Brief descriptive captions
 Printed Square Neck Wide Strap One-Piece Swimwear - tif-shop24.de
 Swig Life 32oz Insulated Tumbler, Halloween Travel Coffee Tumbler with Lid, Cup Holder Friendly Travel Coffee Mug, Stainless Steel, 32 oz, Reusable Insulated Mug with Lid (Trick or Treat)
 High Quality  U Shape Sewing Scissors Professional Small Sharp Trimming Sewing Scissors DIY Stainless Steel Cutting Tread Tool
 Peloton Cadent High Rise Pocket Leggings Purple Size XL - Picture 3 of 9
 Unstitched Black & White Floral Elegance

--

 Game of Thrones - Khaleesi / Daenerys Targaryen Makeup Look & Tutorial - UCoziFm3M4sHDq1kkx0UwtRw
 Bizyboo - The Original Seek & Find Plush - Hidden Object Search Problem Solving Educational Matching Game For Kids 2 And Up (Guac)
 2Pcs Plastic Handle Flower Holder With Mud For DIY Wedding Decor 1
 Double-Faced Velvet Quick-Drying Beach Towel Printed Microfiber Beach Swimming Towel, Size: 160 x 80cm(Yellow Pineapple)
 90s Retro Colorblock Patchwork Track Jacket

- Your task: Using the records above, copy word for word the line with "Printed Square Neck", the line with "Unstitched Black & White Floral Elegance", and every line between them.

- Solution to the problem:
 Printed Square Neck Wide Strap One-Piece Swimwear - tif-shop24.de
 Swig Life 32oz Insulated Tumbler, Halloween Travel Coffee Tumbler with Lid, Cup Holder Friendly Travel Coffee Mug, Stainless Steel, 32 oz, Reusable Insulated Mug with Lid (Trick or Treat)
 High Quality  U Shape Sewing Scissors Professional Small Sharp Trimming Sewing Scissors DIY Stainless Steel Cutting Tread Tool
 Peloton Cadent High Rise Pocket Leggings Purple Size XL - Picture 3 of 9
 Unstitched Black & White Floral Elegance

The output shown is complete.